[Records]

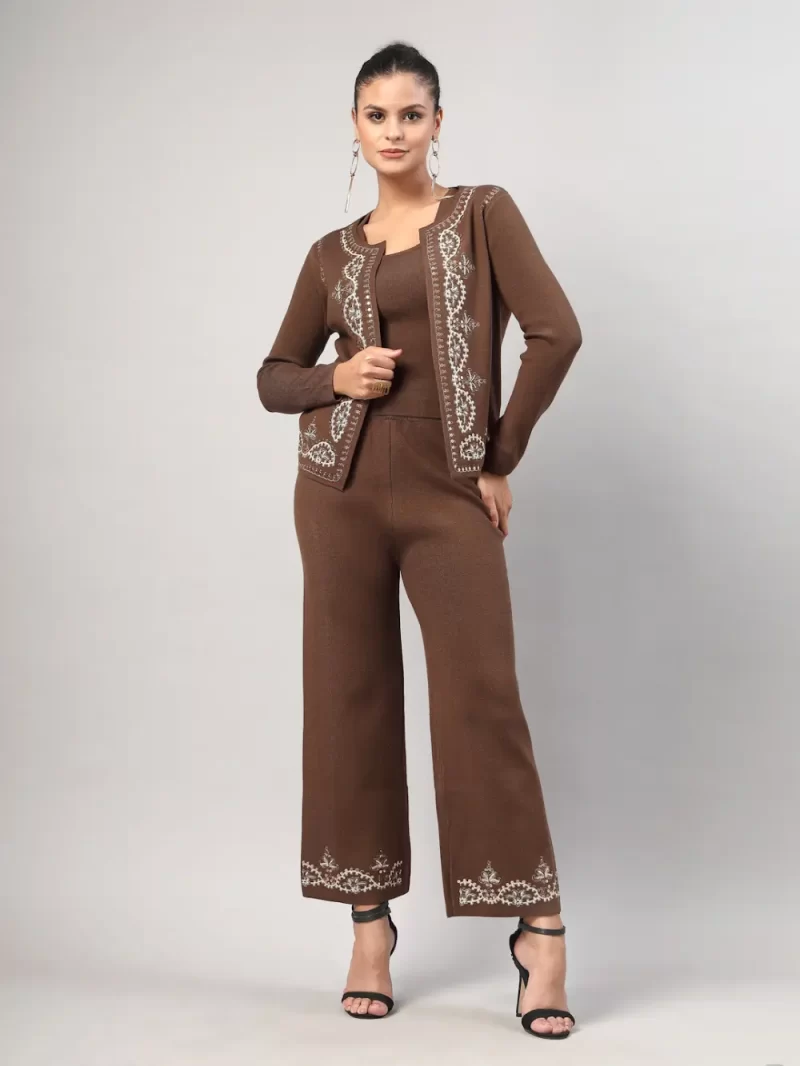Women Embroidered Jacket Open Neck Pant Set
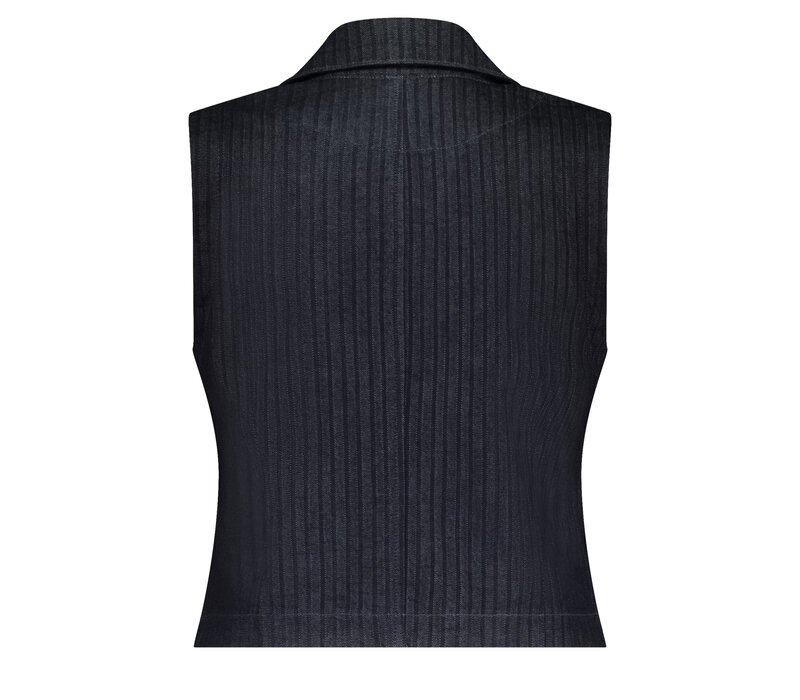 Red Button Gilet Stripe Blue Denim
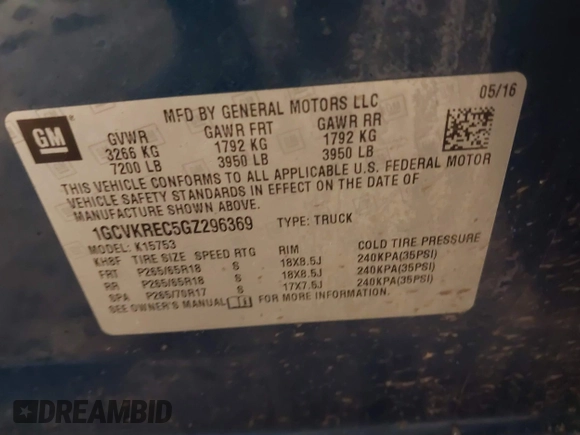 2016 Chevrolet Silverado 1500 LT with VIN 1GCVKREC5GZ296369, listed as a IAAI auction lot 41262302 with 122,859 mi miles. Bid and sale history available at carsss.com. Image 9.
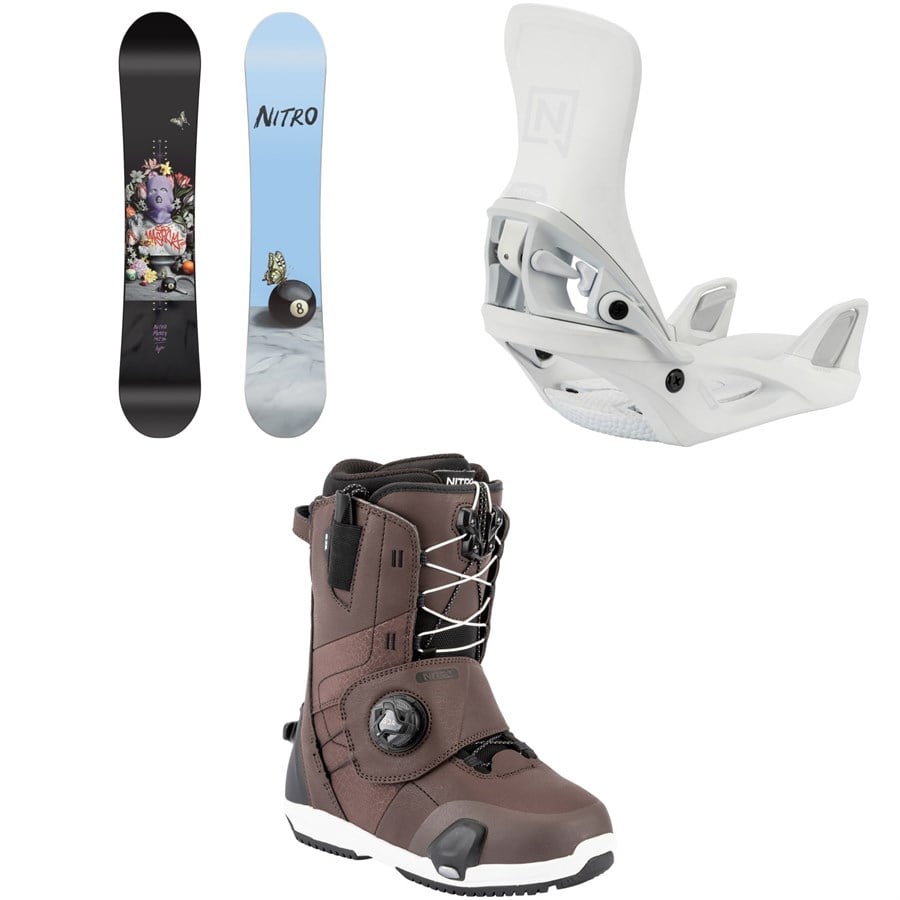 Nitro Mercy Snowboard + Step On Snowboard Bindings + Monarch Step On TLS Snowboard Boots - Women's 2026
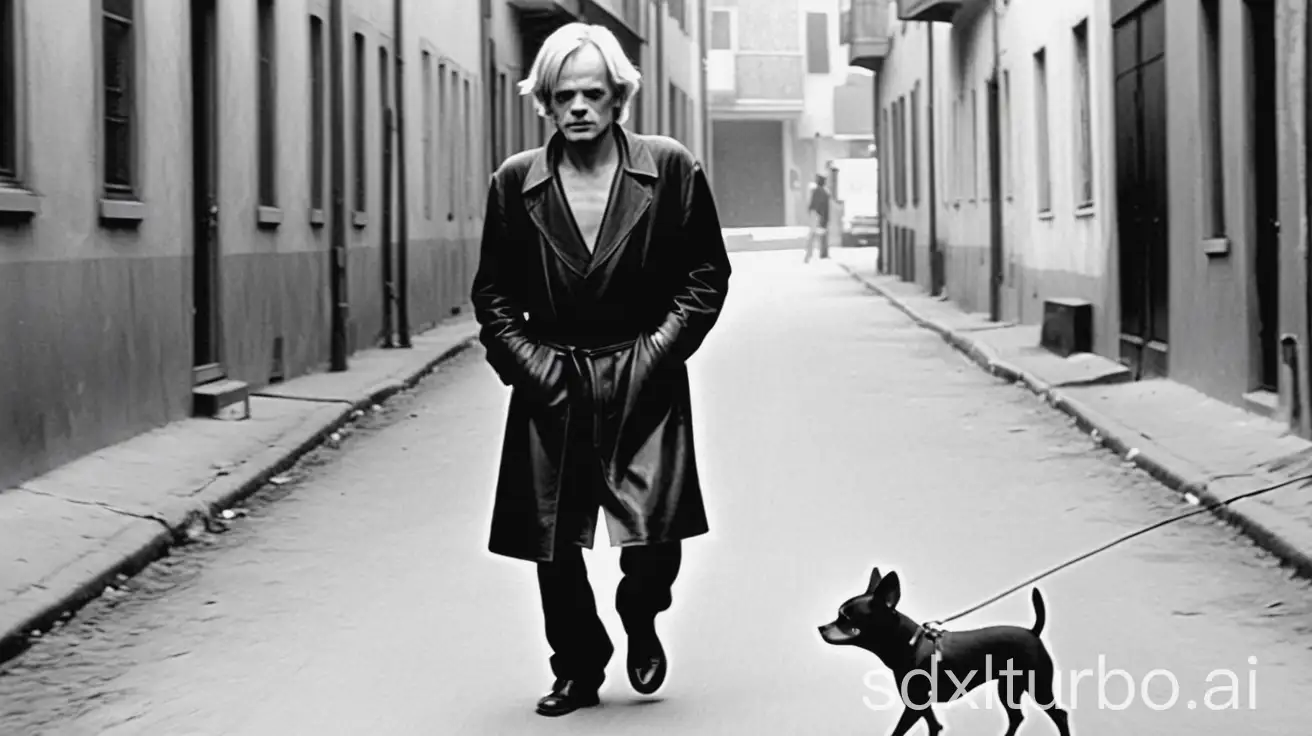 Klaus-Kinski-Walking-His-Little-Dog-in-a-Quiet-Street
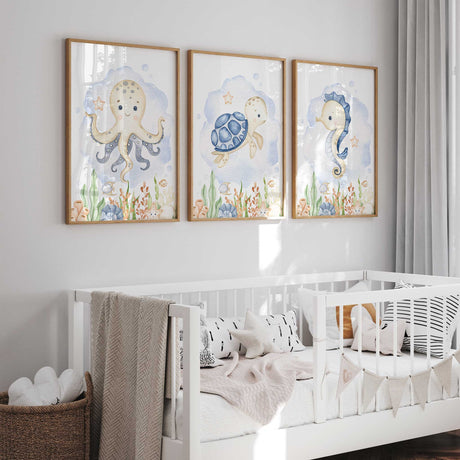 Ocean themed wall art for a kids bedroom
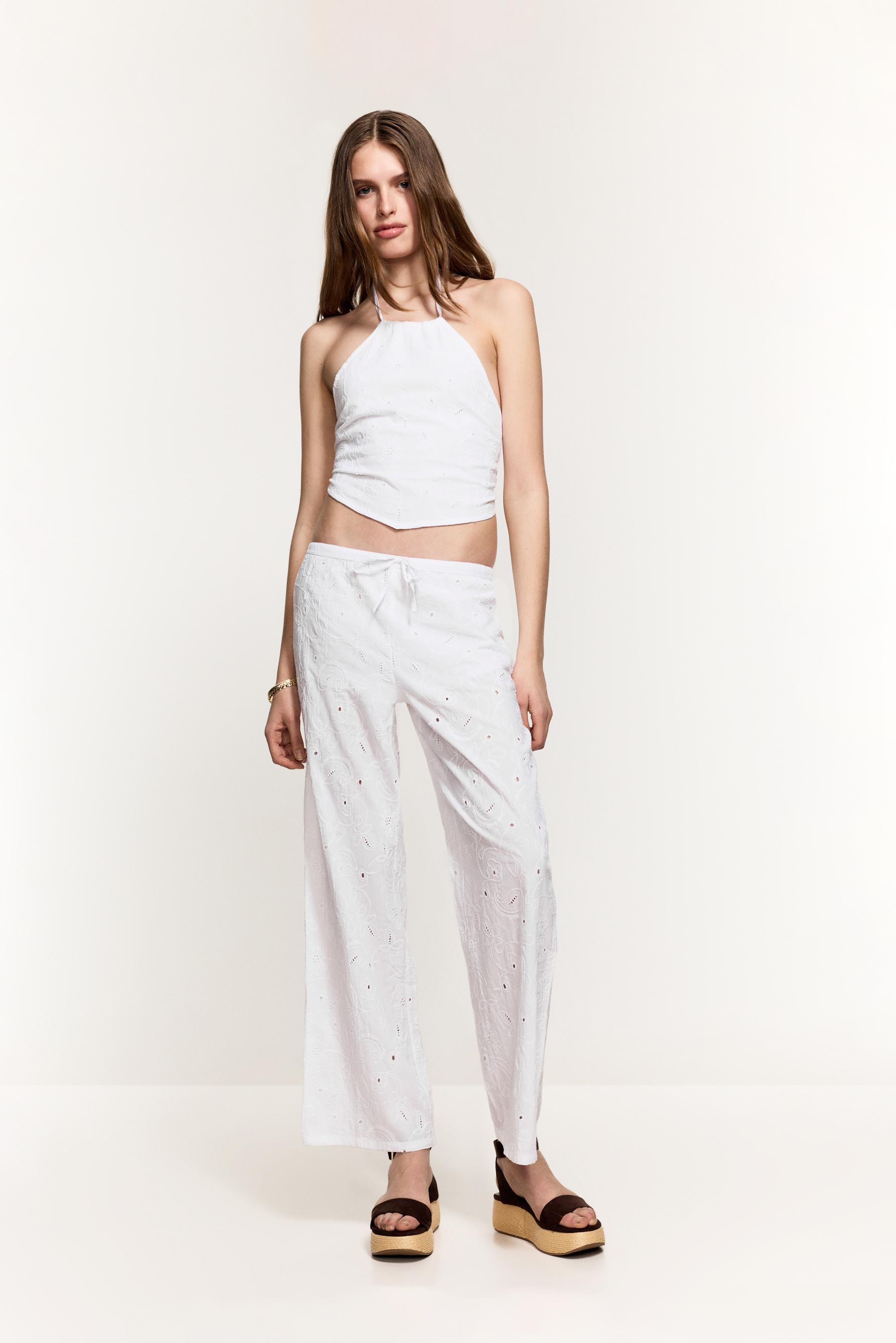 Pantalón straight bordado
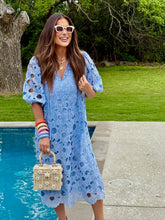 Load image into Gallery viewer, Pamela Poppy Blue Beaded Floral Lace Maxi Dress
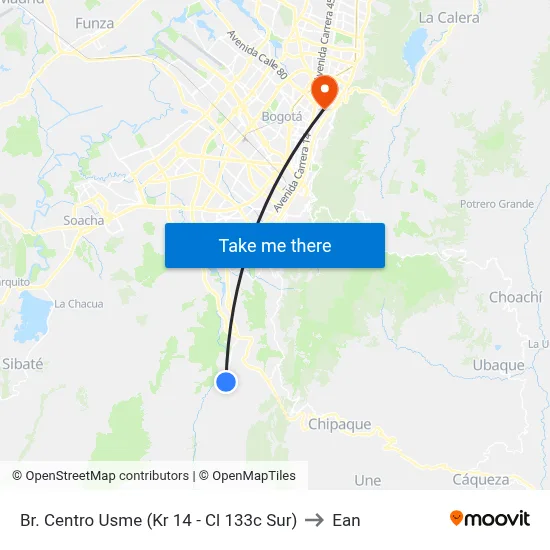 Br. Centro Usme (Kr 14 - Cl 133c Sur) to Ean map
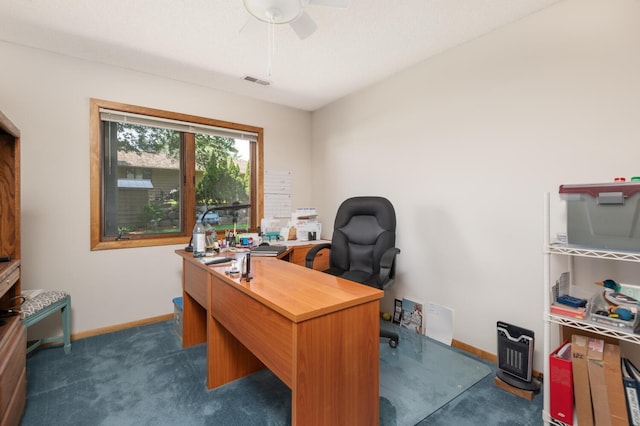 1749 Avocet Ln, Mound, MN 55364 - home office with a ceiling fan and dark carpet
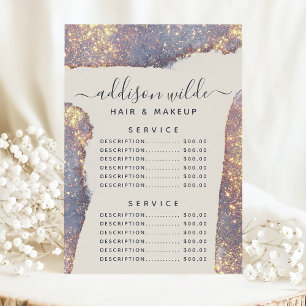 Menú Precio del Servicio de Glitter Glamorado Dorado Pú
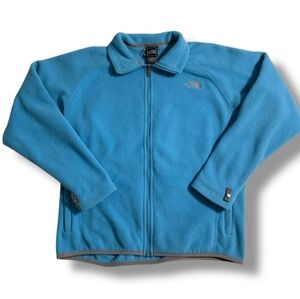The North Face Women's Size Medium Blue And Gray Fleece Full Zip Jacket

[/Records]

_Your goal_. Please repeat the entries above exactly, leaving out any pictures.

_Task solution_.
Women Embroidered Jacket Open Neck Pant Set
 Red Button Gilet Stripe Blue Denim
 2016 Chevrolet Silverado 1500 LT with VIN 1GCVKREC5GZ296369, listed as a IAAI auction lot 41262302 with 122,859 mi miles. Bid and sale history available at carsss.com. Image 9.
 Nitro Mercy Snowboard + Step On Snowboard Bindings + Monarch Step On TLS Snowboard Boots - Women's 2026
 Klaus-Kinski-Walking-His-Little-Dog-in-a-Quiet-Street
 Ocean themed wall art for a kids bedroom
 Pantalón straight bordado
 Load image into Gallery viewer, Pamela Poppy Blue Beaded Floral Lace Maxi Dress
 Br. Centro Usme (Kr 14 - Cl 133c Sur) to Ean map
 1749 Avocet Ln, Mound, MN 55364 - home office with a ceiling fan and dark carpet
 Menú Precio del Servicio de Glitter Glamorado Dorado Pú
The North Face Women's Size Medium Blue And Gray Fleece Full Zip Jacket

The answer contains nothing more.